In April, I was burdened by finances. I owed rent, my car insurance was about to expire, and I didn’t have enough cash to buy groceries. All the normal troubles of a college kid.
At the beginning of the summer, I logged into my bank account to check on whatever paltry amount still existed. That’s when the surprise came. There in my account sat a chunk of money that I didn’t expect. It wasn’t a lot, but in my situation, it seemed to make my computer screen glow. Upon further investigation, it turned out to be from UVU. A phone call to the financial aid department explained that I had received a grant.
Here’s the kicker: I didn’t apply for this grant. I had never even heard of it.

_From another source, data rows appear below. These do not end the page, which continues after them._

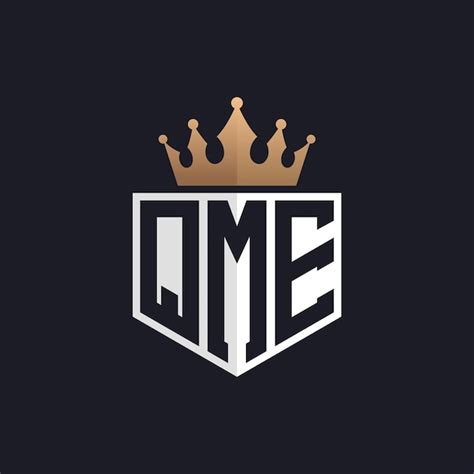 Premium Vector Luxury Qme Logo With Crown Elegant Initials Qme Letter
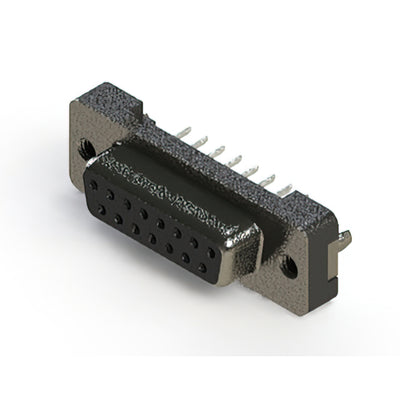 628-015-224-216 by EDAC Inc. - CONNECTOR D-SUB RCPT 15POS VERT SLDR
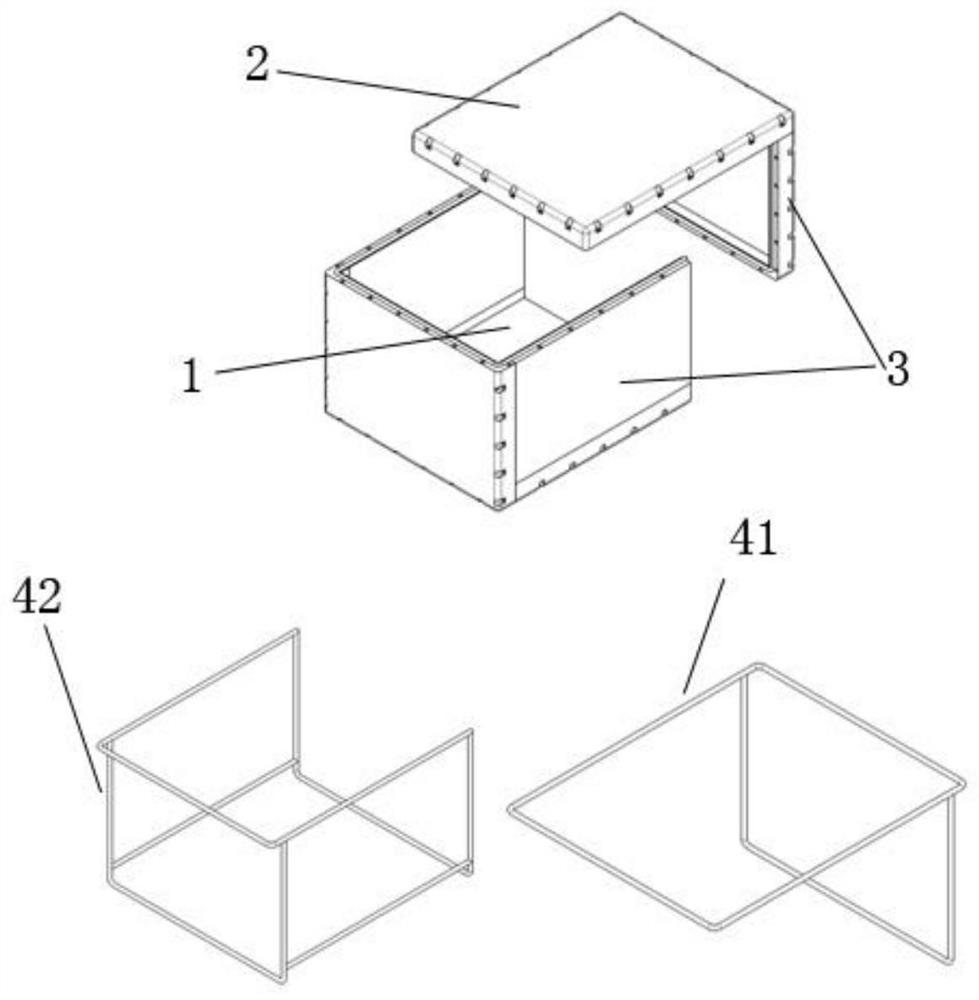 Fuel cell sealing box and assembling method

That night, hunkered over a sheet of paper that had a list of my debts and foreseeable expenses, I came to the conclusion that after two weeks, 90 percent of that grant would be gone from my account. I was depressed. How could that money disappear so quickly? I had entertained the possibility of a new pair of glasses, but I wasn’t even going to have enough for that. I was in a hole.
My depression quickly lifted when I realized that if I’d never received that money at all, I would be in a much deeper hole. Suddenly, instead of disappointment, I felt something else.
Which brings me to this. I hope this thank you isn’t too late. Or misdirected. I’m not even sure to whom I’m directing my gratitude. Maybe it’s to President Obama, the figurehead of the government that maintains federal student aid programs for kids like me. Or maybe President Holland, the leader of the school that sent me the grant. Perhaps I was just in the right place at the right time, and I don’t owe credit to any one person or institution.
In all cases, when the bills were all paid and the money was gone, I knew I was very fortunate. So I guess I’ll just say it to the universe, and hope it gets to the right place.